• _What to produce_
Which lines below contain the word "High"? Copy each of them.

[Opening Data records section]

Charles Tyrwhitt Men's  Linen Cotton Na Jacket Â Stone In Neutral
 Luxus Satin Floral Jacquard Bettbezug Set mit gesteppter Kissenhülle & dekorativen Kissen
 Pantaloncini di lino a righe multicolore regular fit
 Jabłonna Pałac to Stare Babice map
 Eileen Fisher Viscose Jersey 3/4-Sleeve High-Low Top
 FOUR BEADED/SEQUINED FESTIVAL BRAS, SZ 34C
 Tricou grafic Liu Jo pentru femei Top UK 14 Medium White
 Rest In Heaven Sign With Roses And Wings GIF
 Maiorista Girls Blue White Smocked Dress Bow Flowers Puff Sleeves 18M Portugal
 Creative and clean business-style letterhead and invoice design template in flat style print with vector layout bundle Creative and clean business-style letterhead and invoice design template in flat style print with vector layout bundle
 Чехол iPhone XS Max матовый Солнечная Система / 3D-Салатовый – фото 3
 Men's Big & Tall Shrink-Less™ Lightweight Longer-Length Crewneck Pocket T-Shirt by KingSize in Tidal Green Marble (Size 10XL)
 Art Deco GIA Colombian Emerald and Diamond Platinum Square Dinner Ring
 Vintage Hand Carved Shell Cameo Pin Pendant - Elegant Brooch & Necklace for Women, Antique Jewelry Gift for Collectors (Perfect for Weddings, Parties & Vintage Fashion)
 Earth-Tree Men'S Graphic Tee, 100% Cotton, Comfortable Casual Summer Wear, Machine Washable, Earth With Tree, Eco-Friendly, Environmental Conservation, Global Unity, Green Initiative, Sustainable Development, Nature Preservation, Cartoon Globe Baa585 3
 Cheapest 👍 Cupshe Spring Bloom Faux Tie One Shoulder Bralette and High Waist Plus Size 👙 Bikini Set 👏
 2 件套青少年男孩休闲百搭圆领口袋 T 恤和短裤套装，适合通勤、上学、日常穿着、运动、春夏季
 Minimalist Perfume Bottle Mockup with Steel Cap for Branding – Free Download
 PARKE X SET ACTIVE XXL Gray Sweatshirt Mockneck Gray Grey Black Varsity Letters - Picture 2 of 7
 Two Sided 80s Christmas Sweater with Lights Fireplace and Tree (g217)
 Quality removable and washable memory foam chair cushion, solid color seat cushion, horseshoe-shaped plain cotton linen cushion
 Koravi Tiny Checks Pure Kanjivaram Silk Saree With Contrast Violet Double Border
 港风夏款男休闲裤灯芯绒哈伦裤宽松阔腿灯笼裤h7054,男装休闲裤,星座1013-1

[Closing Data records section]

• _Expected output_
 Eileen Fisher Viscose Jersey 3/4-Sleeve High-Low Top
 Cheapest 👍 Cupshe Spring Bloom Faux Tie One Shoulder Bralette and High Waist Plus Size 👙 Bikini Set 👏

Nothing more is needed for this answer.